Deep down I knew that one day I would betray myself, I always made sure therefore to stand in the shadows, in this way I gradually became imperceptible, until the divine obscurity which makes outcasts have no need of coat or hat arrived, and when we buried her, well endowed as she was from her last days, she would often come back even though they didn’t notice her, because it is only the humble, in virtue of their gift of ignoring futility, who encounter the dead on the street, and when I was changing her bedcovers one night I found the rose, outside of the world, “don’t cry, I’m myself now,” she said to me with that deceptive silence of the dead, until the days and nights weren’t enough and I had to put the house at peace with the nonexistent, and industrious as I am, if I had nothing to do I followed the garden hedge which disappeared into the distance, like the stories we never lived out and which return intact to God.

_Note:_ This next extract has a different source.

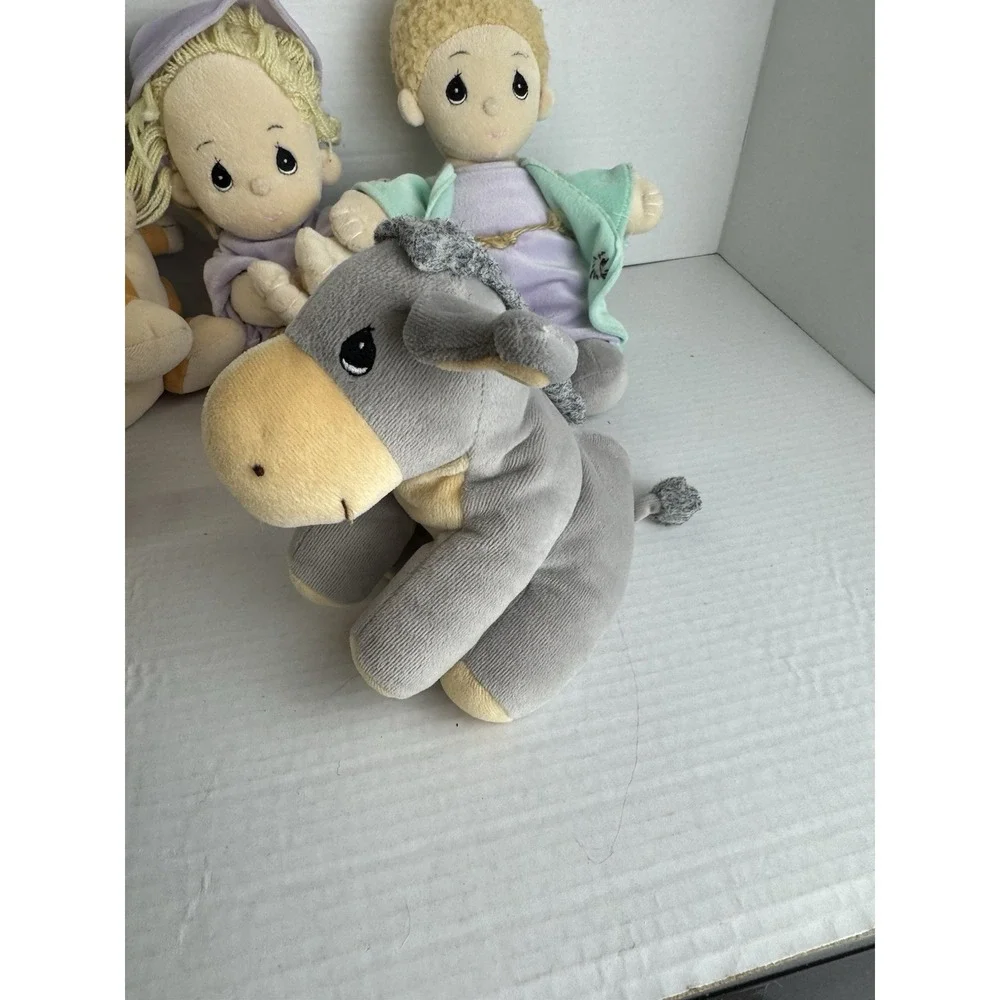 Precious Moment Plush‎ Lot Of 6 By Enesco Giraffe Donkey Boy Girl Dinosaur Tree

from Autumn Manuscripts (1990)


Many wonder how I lived—they don’t realize that I was always
journeys to the unbelievable when we were children, journeys to
the infinite when we were in love
journeys from one room to the other, from one star to the other,
oh, journey to the unrealizable!
and Martha in old age continued her embroidery for years
she had journeyed far into nothingness and had come back
unblemished and unhappy —
my poor ones, as the twilight sprinkles the world with gold,
journeys are made to deserted wharves, to broken mirrors,
to years that have disappeared
because I, you scoundrels, didn’t come here to play
but to suffer and to lose myself —
a downpour of old wings for nothing other than the mystery of
it all.
And only poetry is not the journey
but the bitter return.



Night was falling and the passersby looked like ghosts on the
a child hid behind the couch, their silence is already an abyss,
their solitary sensuality the most perfect form of eros,
two former lovers meet on the stairs, what do they have to say
brief explanations that deepen the inexplicable,
the time when you knock on a door just to hear a voice—nobody,
they must have moved, everyone is moving house, what
are they trying to escape from?
you meet someone and ask for an address, but they don’t
understand you, for some time now you have been
speaking a language unknown to others,
keys you threw down the drain, one night you discover them on
the table
mirrors in which we saw youth departing.

And then from the depths the sound of the station clock tolling
eight times
that hour that will never return.



One evening as the wind blew through the open window the curtain flapped a little and then rested on the edge of the chair like a friend coming back from the place of no return. To be sure he will not stay long. It’s just that I am worried. Over the last years the layout of the city has been quickly changing and soon how will our dead friends be able to find us? That’s why at every street corner we must place some sign: a group of children singing, a coffee-house with lowered lights, or a watch buried in the garden. Even though they now know the time. Quiet!



There are some nights when only a single sigh separates us from
and other times the moon rises above the hill like a great joy
wanderings at night and the louvres through which we dimly
saw a woman in her underwear as she was sleeping
and suddenly at the turn of the road the sadness of a lamppost
inundated us with tears.

No one was waiting for us when we returned.